Contact info: Janet Cate: 207.985.2173 firstname.lastname@example.org
It’s always good to challenge yourself with new projects, isn’t it? I started this process 10 days ago, saying how excited I was to be on my way to learning something technical that was beyond my normal comfort level and now I can’t retrieve it – somehow this strikes me as funny and ironic, even though I do not mean to be unmindful that this is a serious class assignment. So be it – l shall try again quite happily. I think it would be safe to say I am still trying to get my head around wordpress and have spent a lot of time clicking about, trying to grasp the logistics.
I have chosen the Kennebunk Free Library (KFL) in Kennebunk, Maine for my assignment.
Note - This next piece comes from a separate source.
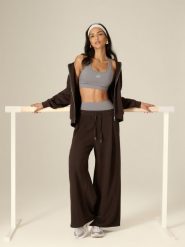 4F Spodnie dresowe z szerokimi nogawkami damskie - brązowe XS. Brązowe spodnie dresowe damskie 4f, xs, bez wzorów, z bawełny. Za 149.99 zł.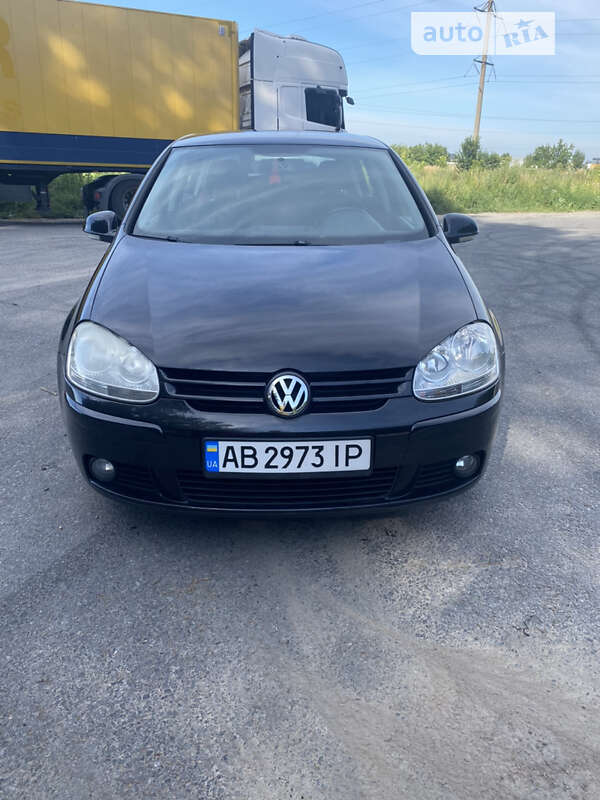 Хетчбек Volkswagen Golf 2007 в Вінниці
It is a lovely 2-story brick building in the heart of downtown Kennebunk and is genuinely a gathering place for this town of 11,000. As in many communities, we love our libraries here in the Kennebunks, each is different and charming in their own way, and each has made the technology transition as best they can.
On the library website, you can click onto the History and Mission page (http://kennebunklibrary.org/kennebunk/mission.asp ) which shows that the seeds of the library began in 1881 as a reading room in a nearby Unitarian church with the backing of a local pastor and committees of town women. By 1892, funds were raised, KFL had been willed a sizeable donation and my favorite notation, “Town appropriates funds from dog tax for library use, $176”.
Last week I called Janet Cate, Assistant Director of KFL and forwarded an email request, along with my questions, asking if they had the time and staff who could show me around and answer some questions. Within 48 hours, Janet had called back and we set up an appointment for 2 pm on Wednesday, September 17th.